#### Task prompt:
Exactly the lines from the one with "Fioriera Da Giardino" through the end of the data below must be set down, and no pictures with them.

-----

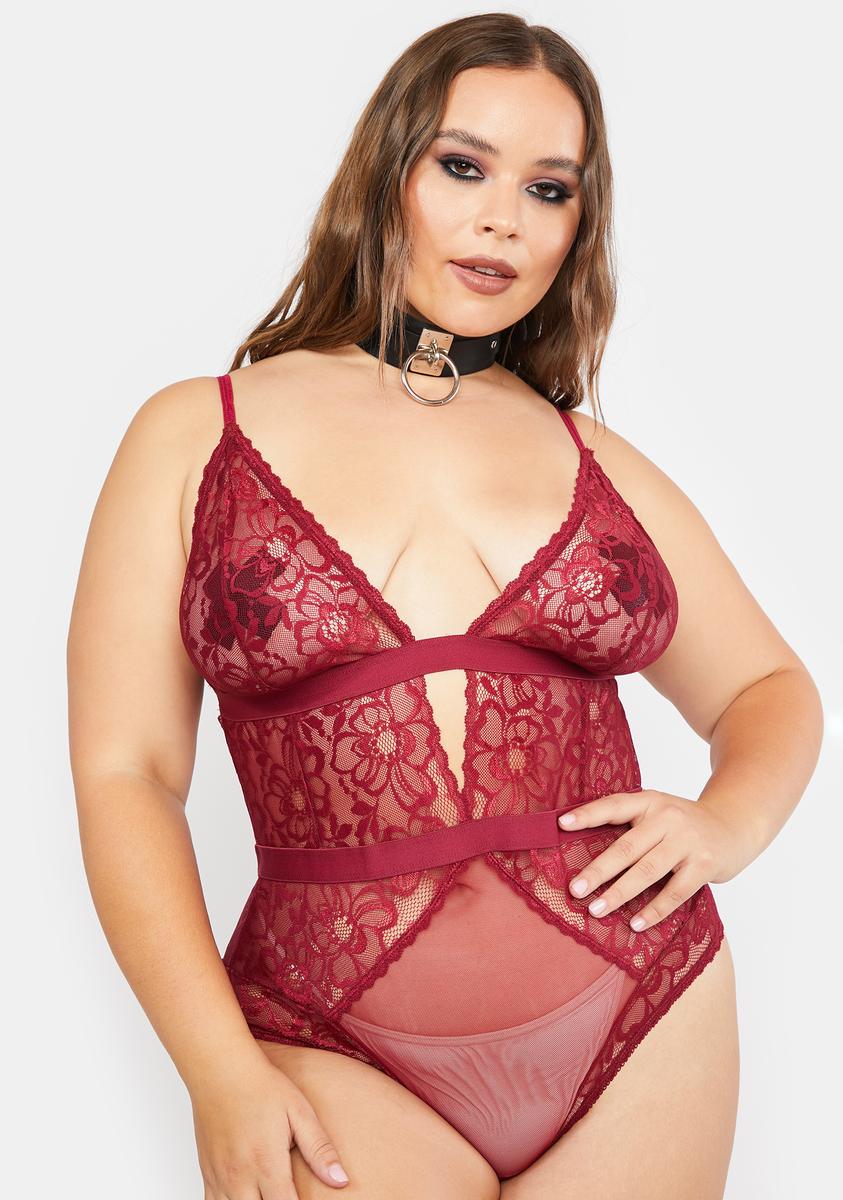 Plus Size Sexy Lace Heart Cut Out Bodysuit - Dark Red Dolls Kill Plus Size Sexy Lace Heart Cut Out Bodysuit - Dark Red Dolls Kill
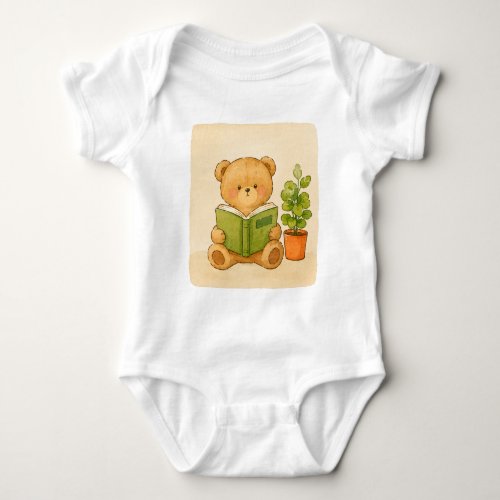 Cozy Teddy Bear Reading Book Baby Bodysuit
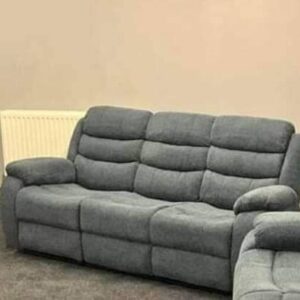 3 seater fabric recliner sofa-in-grey-colour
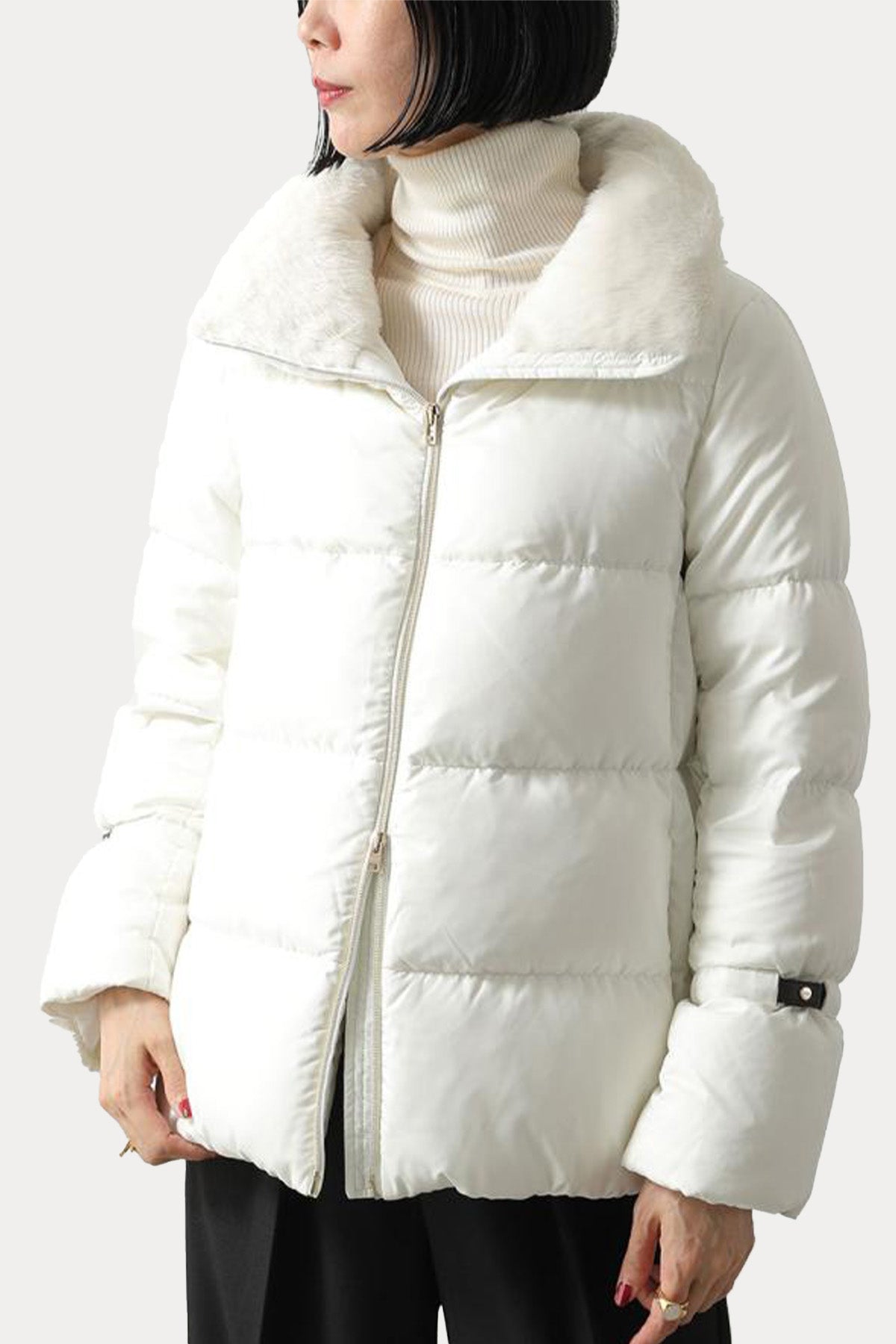 Herno Regular Fit Kürklü Peluş Yaka Puffer Mont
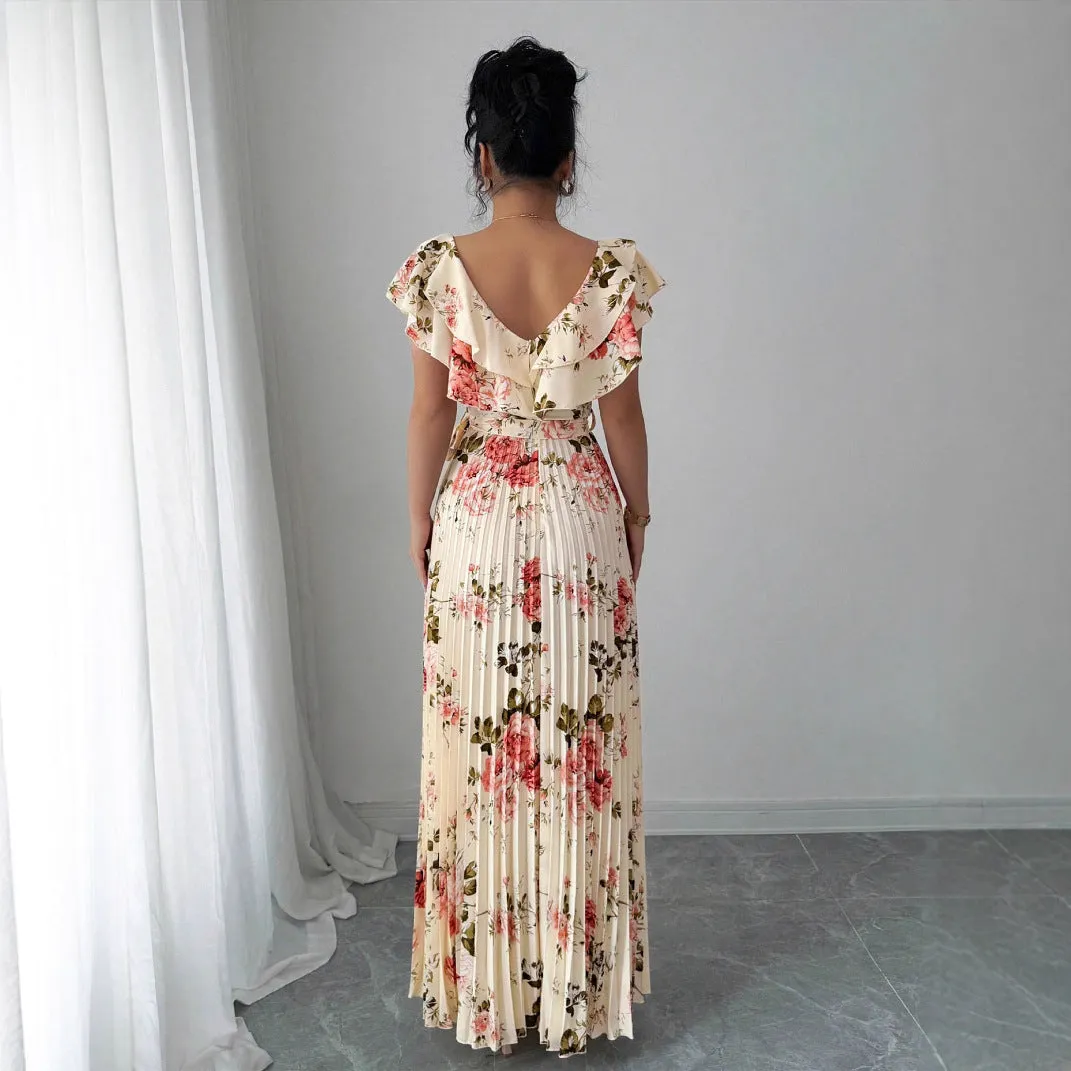 Apricot floral print women's dress with v-neck, ruffled sleeves, and a high-waisted long swing skirt.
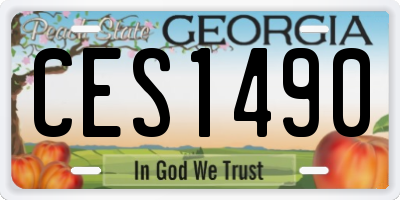GA license plate CES1490
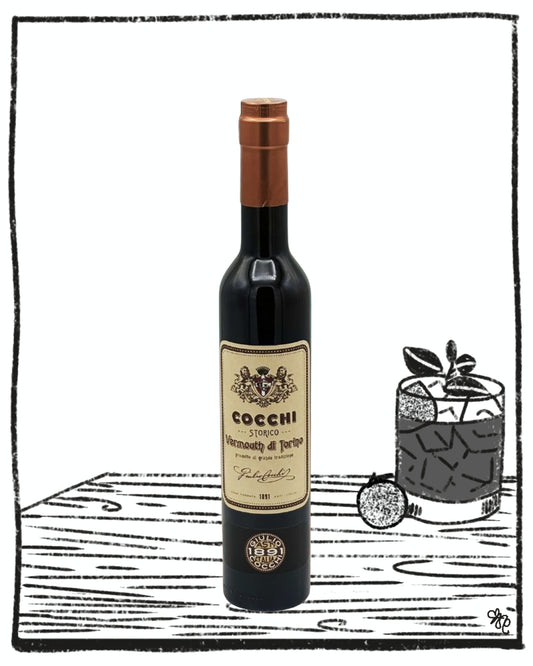 Bottle of Cocchi brand red wine on a white background with a small illustration of a cocktail.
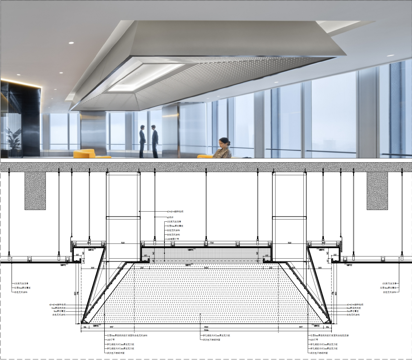藻井天花造型详图、天花藻井透光铝板、吊顶造型剖面大样cad施工图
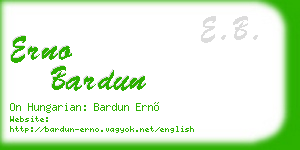 erno bardun business card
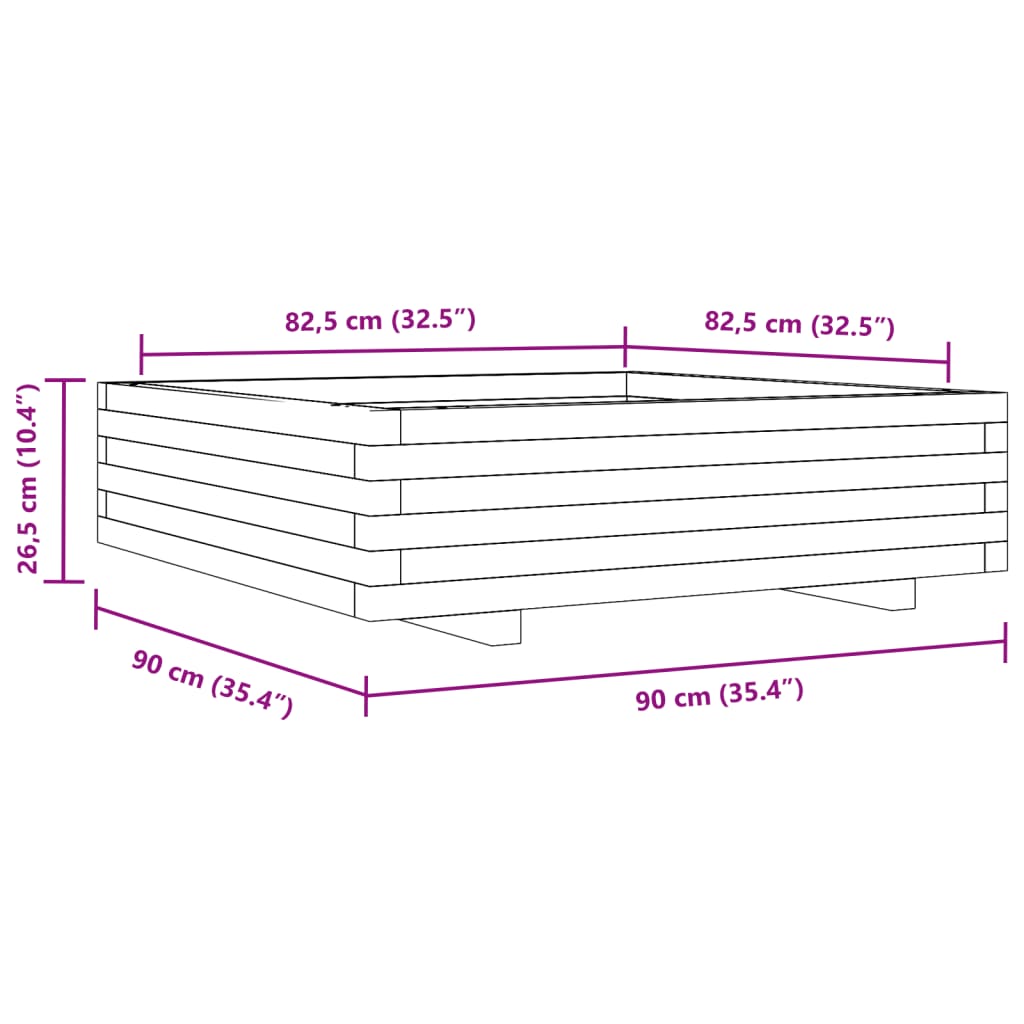 Fioriera Da Giardino 90X90X26,5 Cm In Legno Di Pino Impregnato Pino Naturale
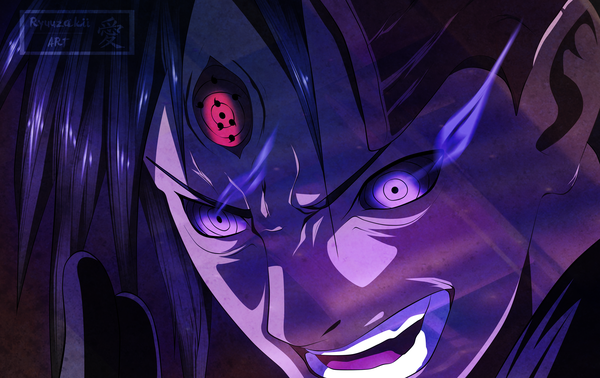 Anime picture 4500x2835 with naruto studio pierrot naruto (series) uchiha madara xryuuzakii single long hair highres open mouth black hair red eyes purple eyes absurdres coloring glowing close-up face glowing eye (eyes) angry rinnegan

-----

#### Solution to this task:
 Fioriera Da Giardino 90X90X26,5 Cm In Legno Di Pino Impregnato Pino Naturale
 Anime picture 4500x2835 with naruto studio pierrot naruto (series) uchiha madara xryuuzakii single long hair highres open mouth black hair red eyes purple eyes absurdres coloring glowing close-up face glowing eye (eyes) angry rinnegan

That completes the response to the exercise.